Menurunnya daya beli masyarakat dapat terlihat dari pertumbuhan industri ritel yang tidak mencapai 4% pada dua kuartal awal 2017, yakni 3,9 % pada kuartal I 2017 dan 3,7 % pada kuartal selanjutnya.

Angka ini sangat jauh jika dibandingkan dengan kuartal yang sama pada 2016, di mana ritel masih tumbuh sebesar 11,3% pada kuartal I 2016 dan 9,2% pada kuartal II 2016.

Dengan kondisi di atas, Berly berpendapat bahwa anjloknya KPR adalah konsekuensi yang sangat logis. Menurutnya, masyarakat akan lebih memilih untuk memenuhi kebutuhan perut ketimbang mengeluarkan uang yang terbilang besar untuk membeli rumah atau mobil misalnya.

“Jadi kalau memang pertumbuhan ekonomi lagi stagnan, salah satu yg dikurangi adalah beli mobil atau beli rumah,” jelasnya.

Ketika ditanya mengenai perbankan yang belum sepenuhnya berpihak kepada masyarakat berpenghasilan rendah (MBR), Berly menyatakan bahwa masalah ini sudah diantisipasi oleh BI dengan menurunkan loan to value (LTV) untuk KPR.

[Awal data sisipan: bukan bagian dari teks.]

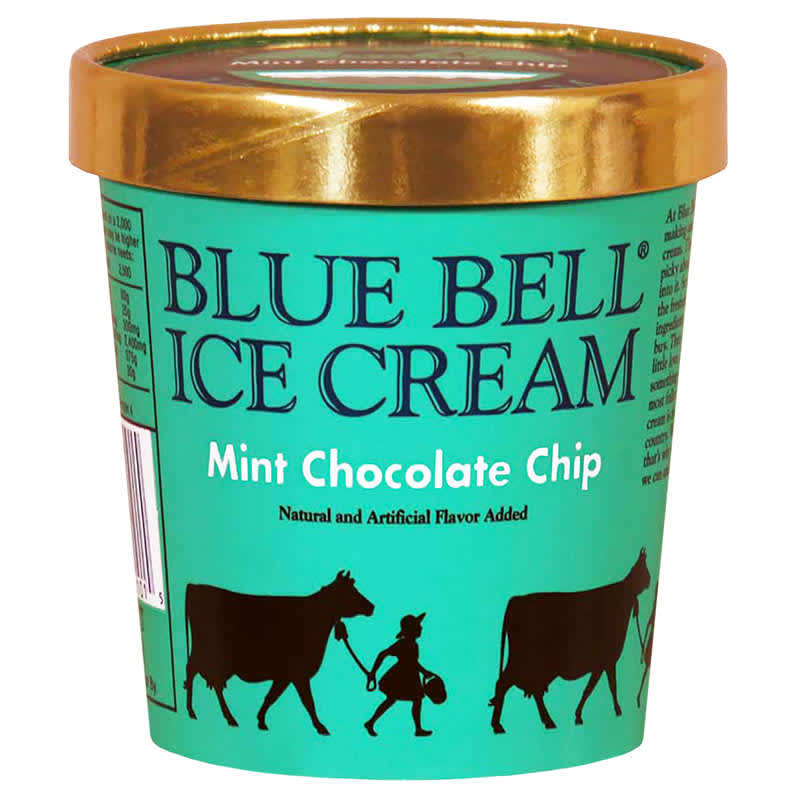 Blue Bell Mint Chocolate chip ice cream pint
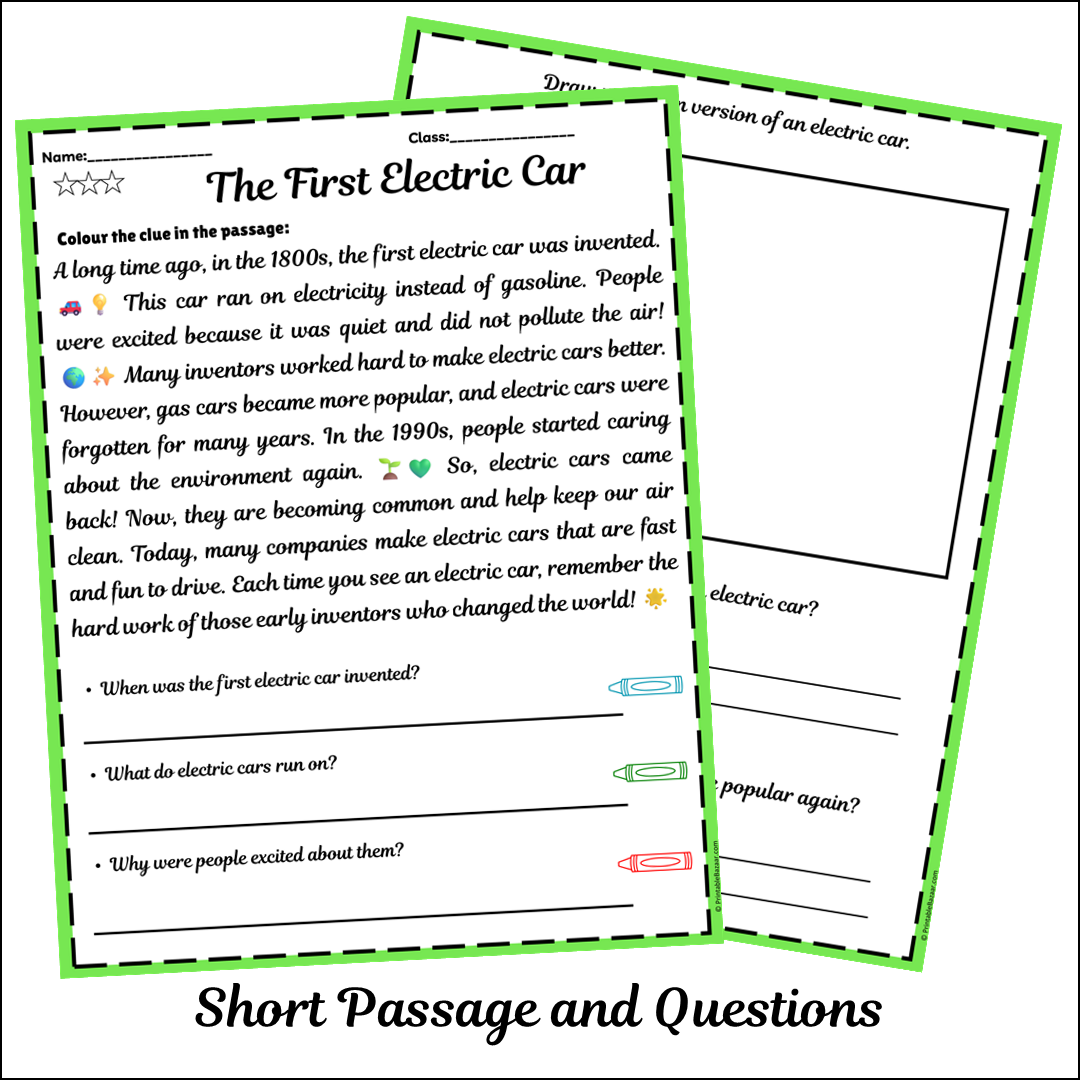 The First Electric Car | Short Reading Comprehension Creative Worksheet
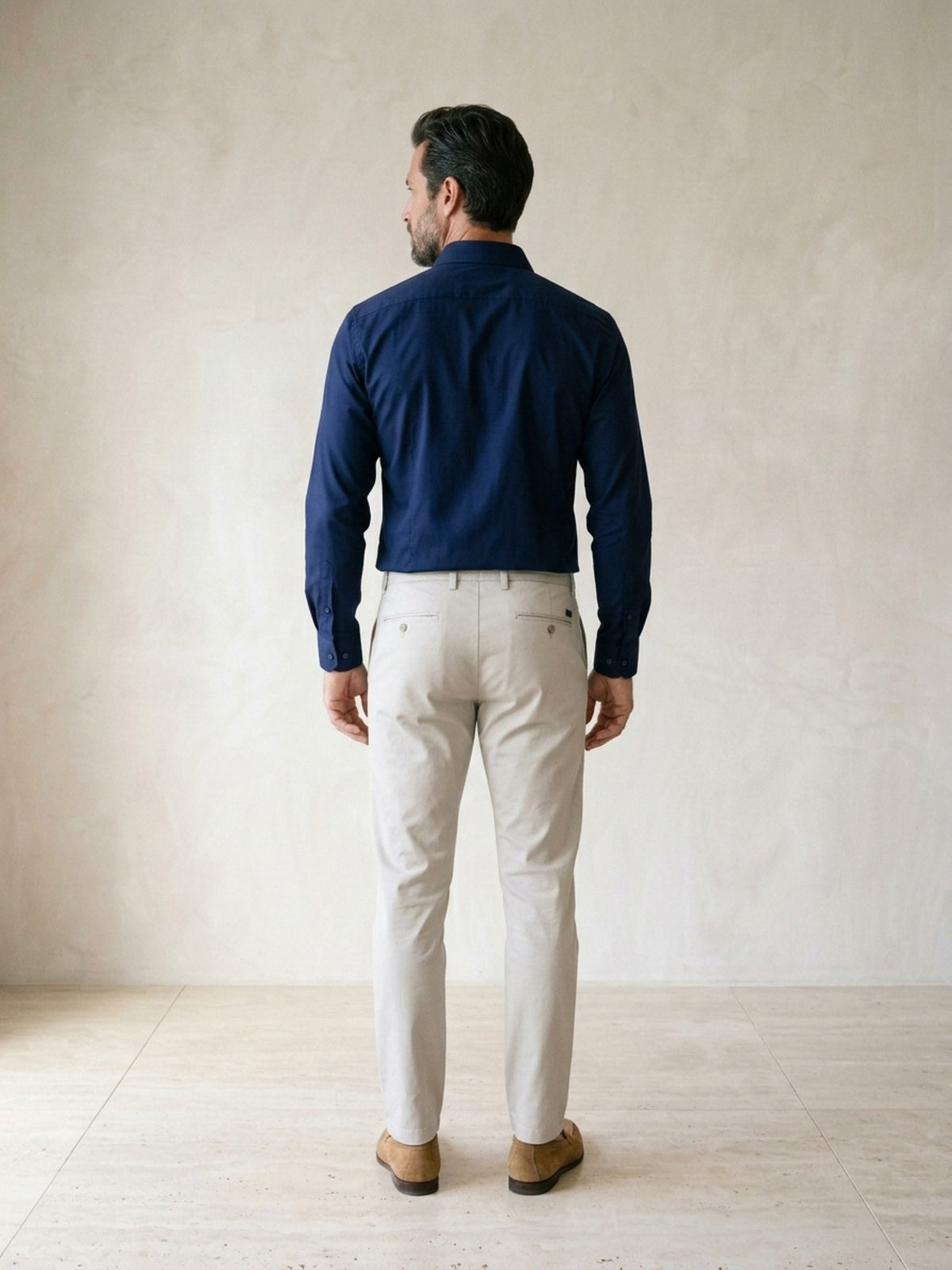 Azul-marinho | Camisa social impermeável Sartong 3x Shield azul-marinho – vista de costas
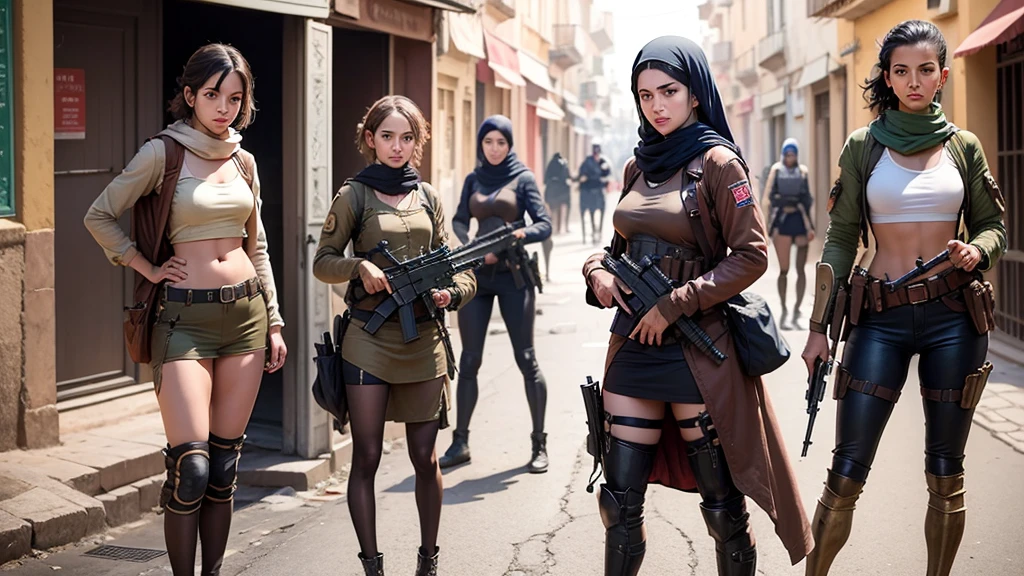 4 Lesbian girls in act of armed rebellion in moroccan crowded streets. Full bodies shot
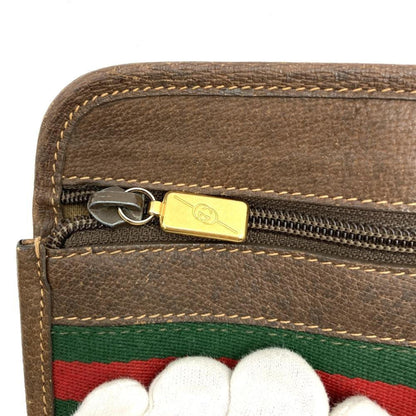 Gucci 017 115 Second Bag Clutch Pouch Gg Supreme Sherry Line Leather Brown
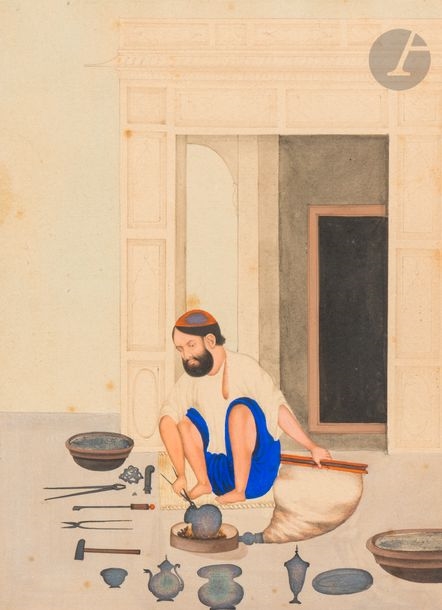 Artwork by Bishan Singh, The coppersmith, Made of Gouache and silver on paper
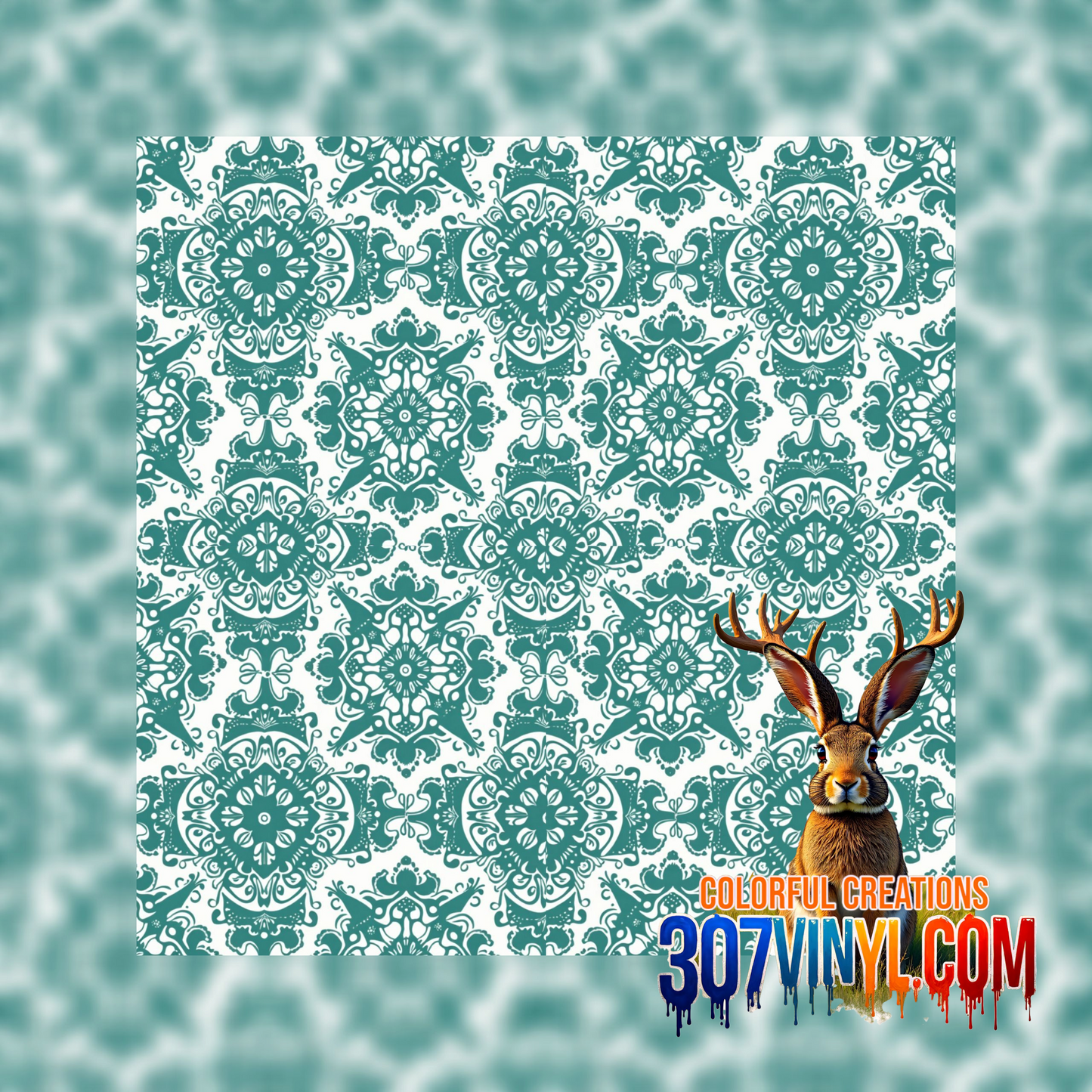 Teal 4 Pack Pattern Vinyl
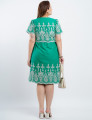 Vestido Curto Algodão Com Bordado Barrado Verde 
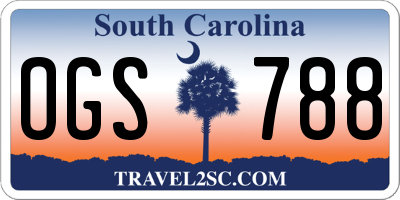 SC license plate OGS788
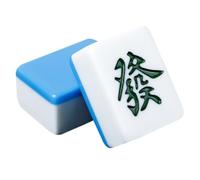 CHAKEUZND Jeu Chinois Mahjong avec boîte, Mahjong Chinois à 136 tuiles en résine for Jeux de Style Chinois(Blue,48mm)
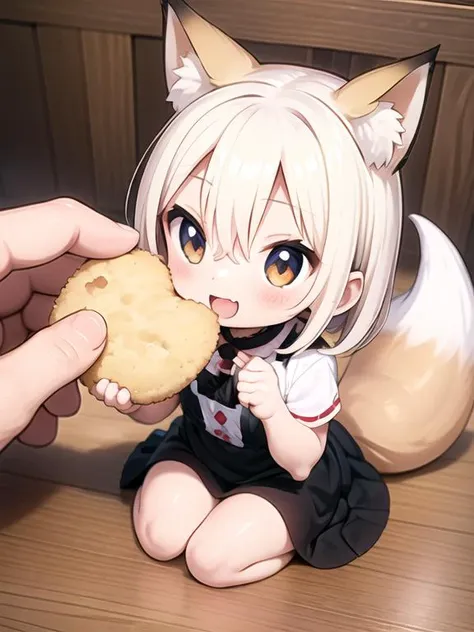 anime character eating a cookie with a cat ears on top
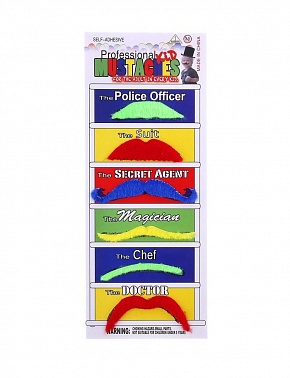 Усы цветные 6 видов 1 шт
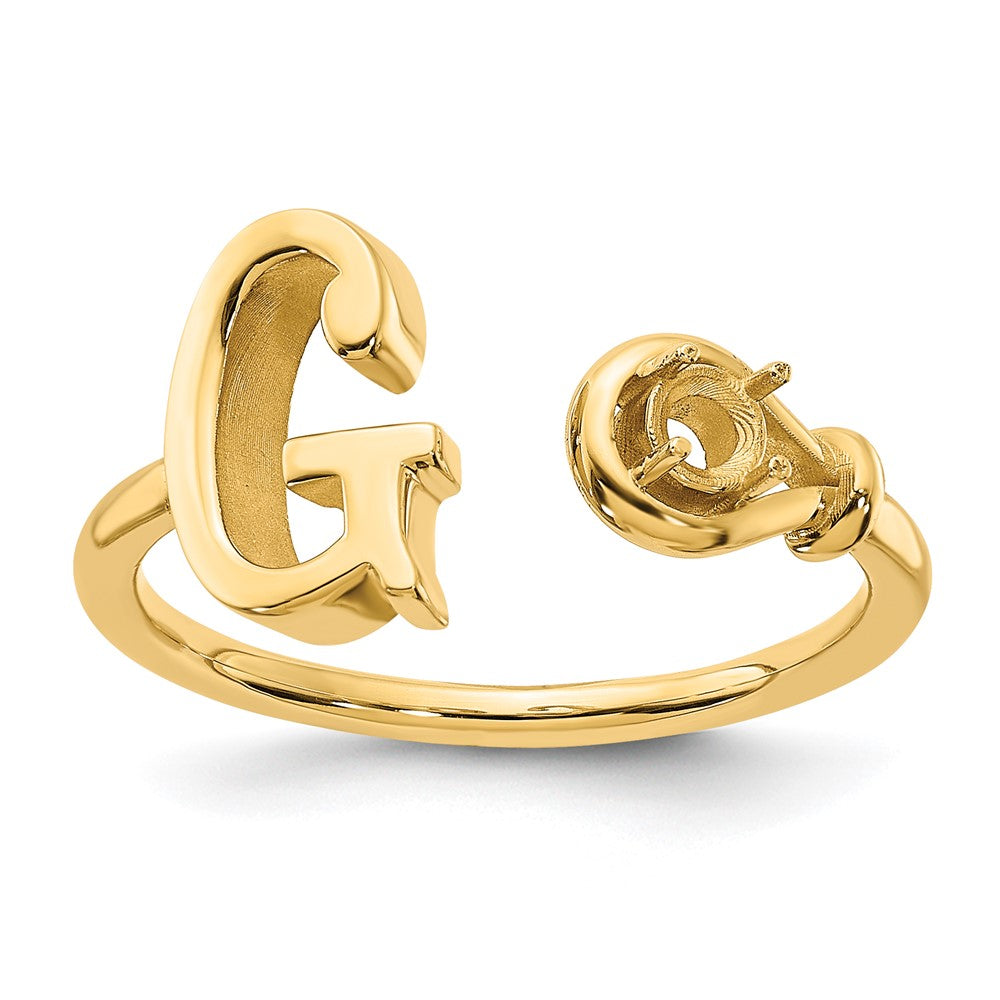 10KY Letter G with Birthstone Ring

Hanya saja, ia mengakui jika hal tersebut tidak akan berpengaruh banyak karena secara keseluruhan, kondisi ekonomi Indonesia masih lesu.

“Kemarin LTV kan diturunin, jadi sudah ada upaya dari otoritas moneter buat mendorong dan menggairahkan kembali sektor properti. Tapi memang dia akan mengikuti pertumbuhan ekonomi,” terangnya seraya menutup.